Justice Brennan, joined by Justice O'Connor, Justice Scalia, and
Justice Kennedy, concluded in Part III-C that the first seven questions
asked Muniz fall outside Miranda protections and need not be
suppressed. Although they constituted custodial interrogation, see
Rhode Island v. Innis, 446 U. S. 291, they are nonetheless admissible
because the questions were asked "for record-keeping purposes only,"
and therefore they fall within a "routine booking question" exception
which exempts from Miranda's coverage questions to secure the
"biographical data necessary to complete booking or pretrial services,"

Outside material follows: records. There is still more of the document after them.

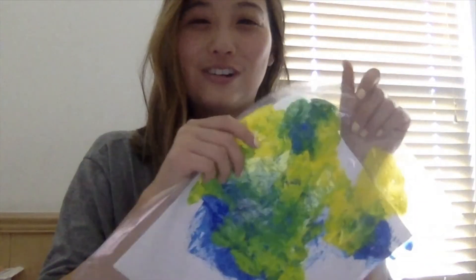I hope you enjoyed this tutorial — show off your own paintings!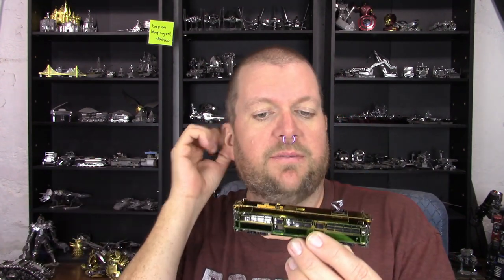Sometimes with these Metal Earth builds I don't know anything about the model before I build it, and this has inspired me to do a little research. What I found out is that the Melbourne W-Class trams were built between sometime in the 1920s and 1950s, so they're quite old. They don't believe they make these models anymore, but there are still some in service — they're kind of an icon for Melbourne, Australia, and a bit of a touristy thing. I had no idea. Thank you Wikipedia and ten seconds of internet research for that little bit of information.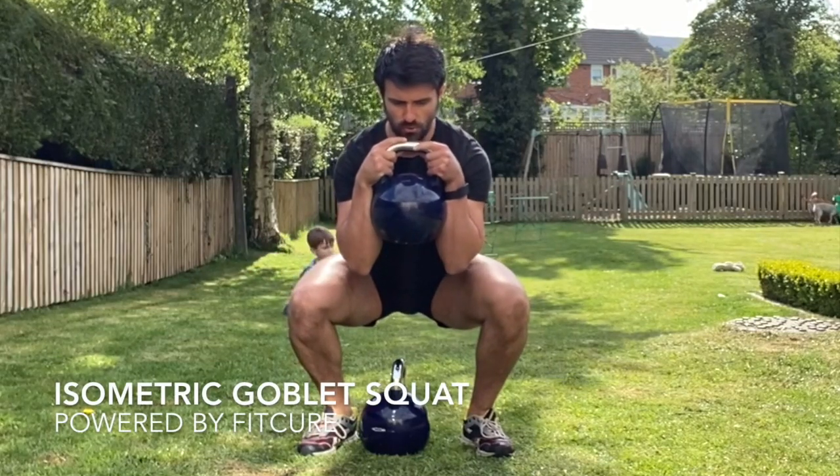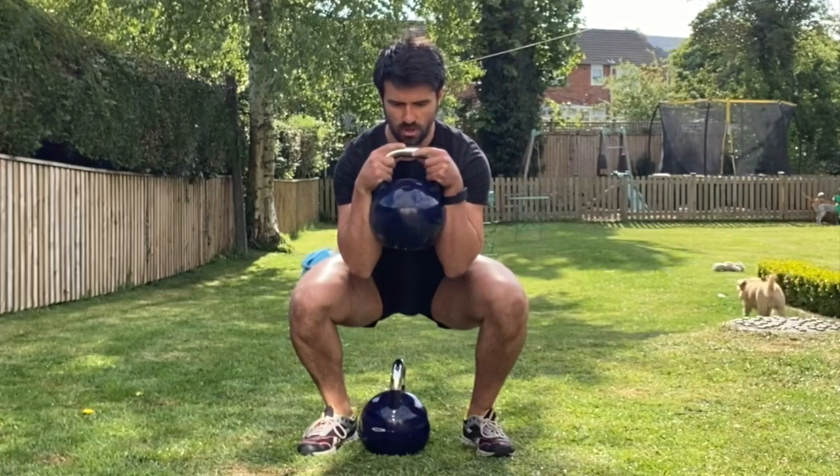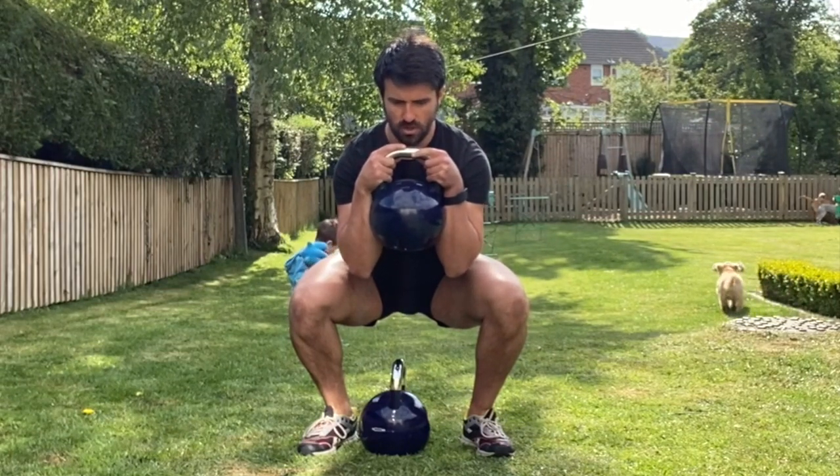Isometric Goblet Squat. Grabbing hold of a kettlebell or dumbbell in a goblet squat position, sit your torso between your knees, driving your knees away from the centre line. Feet can turn out 10 to 15 degrees.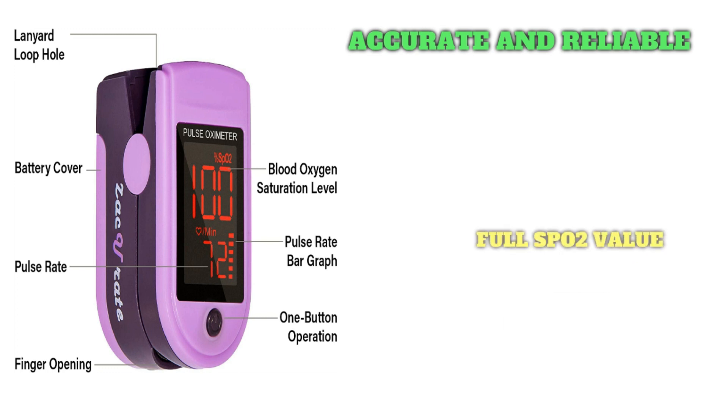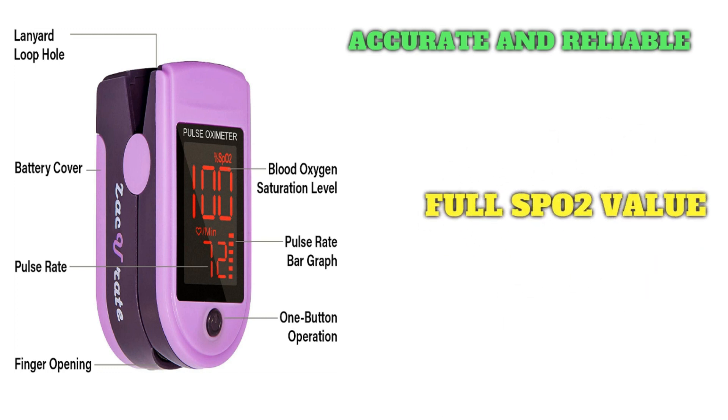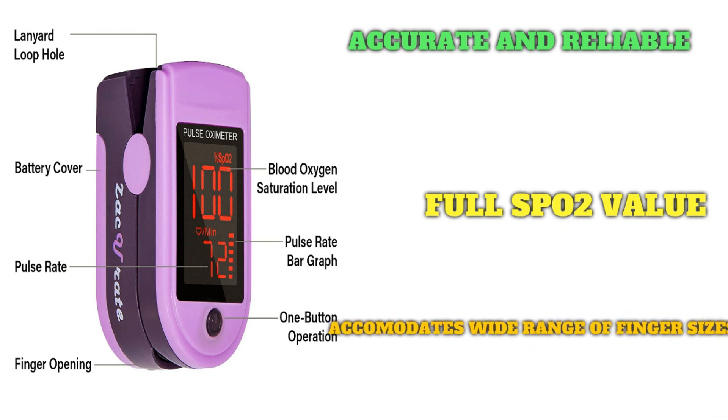The SpO2 and pulse rate display faces toward the user for easy reading, with a red dot finger chamber and smart spring system. Works for ages 12 and above. Includes 2 AAA batteries, a silicone cover to protect from dirt and physical damage, and a lanyard for convenience. Comes with a 12-month warranty and USA-based technical phone support.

United States v. Horton, 873 F. 2d 180, 181, n. 2. Pp. 17-18.
The Chief Justice, joined by Justice White, Justice Blackmun, and
Justice Stevens, concluded that Muniz's responses to the "booking"
questions were not testimonial and therefore do not warrant application
of the privilege. P. 3.
Brennan, J., announced the judgment of the Court and delivered the opinion
of the Court with respect to Parts I, II, III-A, and IV, in which
Rehnquist, C. J., and White, Blackmun, Stevens, O'Connor, Scalia, and
Kennedy, JJ., joined, the opinion of the Court with respect to Part III-B,
in which Marshall, O'Connor, Scalia, and Kennedy, JJ., joined, and an
opinion with respect to Part III-C, in which O'Connor, Scalia, and Kennedy,
JJ., joined. Rehnquist, C. J., filed an opinion concurring in part,
concurring in the result in part, and dissenting in part, in which White,
Blackmun, and Stevens, JJ., joined. Marshall, J., filed an opinion
concurring in part and dissenting in part.